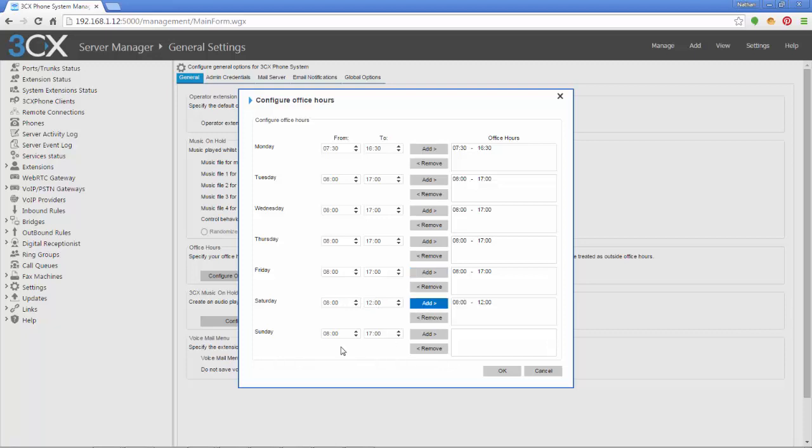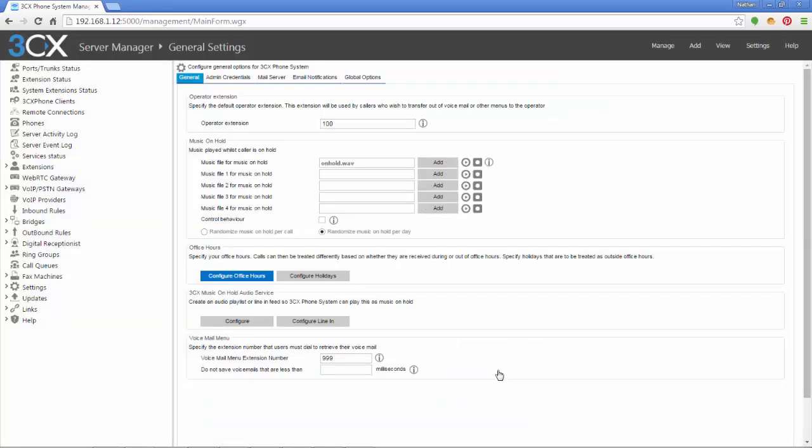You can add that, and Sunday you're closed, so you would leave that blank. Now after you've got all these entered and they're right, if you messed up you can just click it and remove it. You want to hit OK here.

* * *

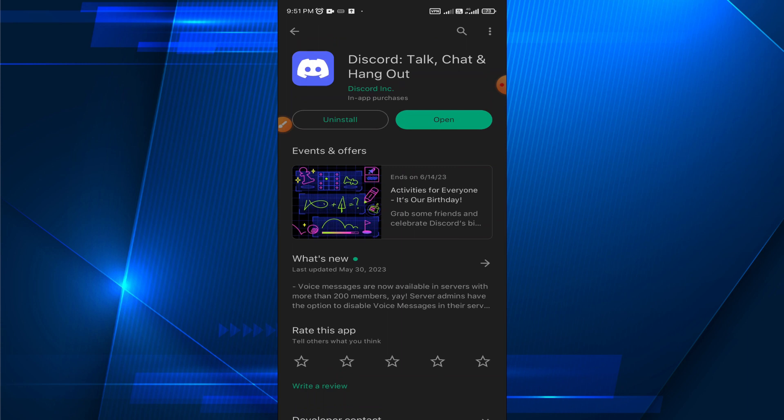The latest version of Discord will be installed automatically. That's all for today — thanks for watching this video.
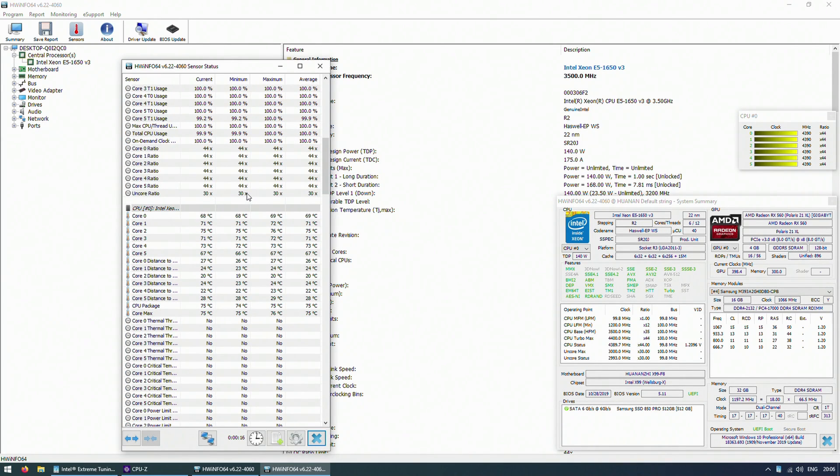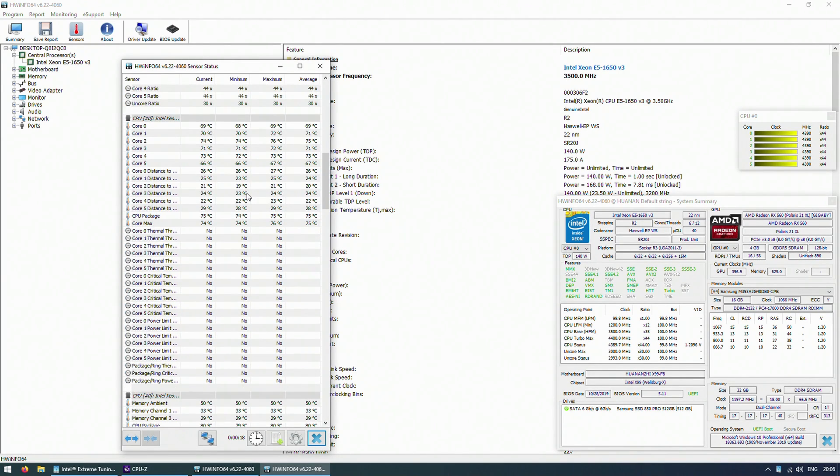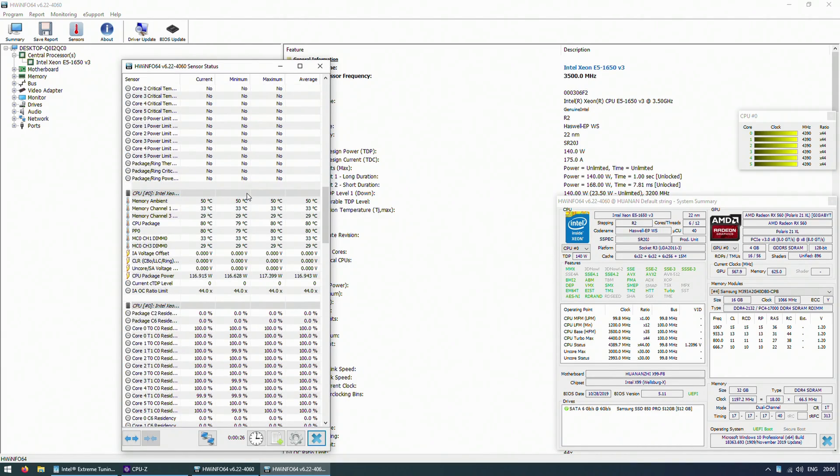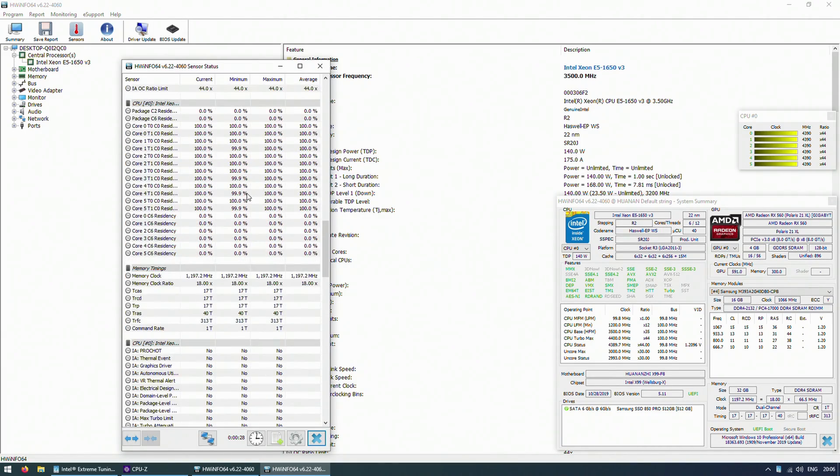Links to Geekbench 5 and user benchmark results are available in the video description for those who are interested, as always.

INSTRUCTIONS TO FOLLOW -
In the records above, everything from the line with "The latest version" down to the line with "Links to Geekbench" must be duplicated exactly, both lines kept. Leave no pictures in.

SOLUTION TO THE PROBLEM -
The latest version of Discord will be installed automatically. That's all for today — thanks for watching this video.
Links to Geekbench 5 and user benchmark results are available in the video description for those who are interested, as always.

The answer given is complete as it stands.